Originally Posted by
NotMrNiceGuy
You’re asking what the company would save each year if a new TA put all new hires on an 18% DC plan with either cash-over-cap and/or MBCBP spillover instead of the pension.
FedEx does not save money on an annual cash basis by switching new hires to an 18% DC plan. The cost is higher.
No, I am asking you to tell us how much money the company is going to save, invest back into the company and make a killing as you stated below.
Originally Posted by
NotMrNiceGuy
Disagree. If the pension is gone, they can invest that money back into the business and make a killing. You’re forgetting the opportunity cost to the company having the pension contrasted with not having it.
Originally Posted by
NotMrNiceGuy
Where the company would actually see long-term savings—and the reason they prefer DC for future pilots—is in liability elimination. Let’s assume FedEx retires 175 to 200 pilots per year, and let’s also assume each retiree ultimately receives about $120,000 per year from the pension for roughly 19 years. That would imply each retiree represents around $2.28 million in long-term pension obligations. Under those assumptions, each year’s retirement group would create between $399 million (175 × $2.28M) and $456 million (200 × $2.28M) in new long-term liabilities.
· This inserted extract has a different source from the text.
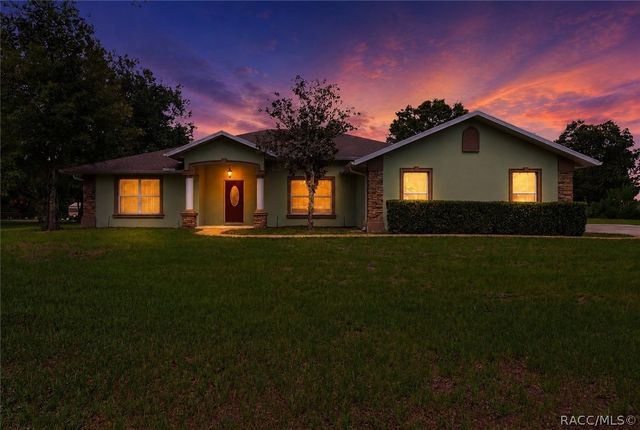 6347 N Myaka Avenue, Crystal River, FL 34428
Extending that over 20 years produces approximately $8 to $9.1 billion in cumulative new pension obligations.
I will agree that the company would like to get rid of the liability risk, however, you seem to be failing to recognize that the company has already accounted for the retirement liabity when the actuaries determine the funding of the pension. Like you agreed, the company doesn't fund the pension on the day the pilot retires. They fund it based on a multitude of factors, including projected maximum benefit, years until that benefit is paid, longevity of benefit payments and projected returns. When a pilot retires, it is not a new liability on the company. The pension was funded all along for that pilot as long as it was funded properly.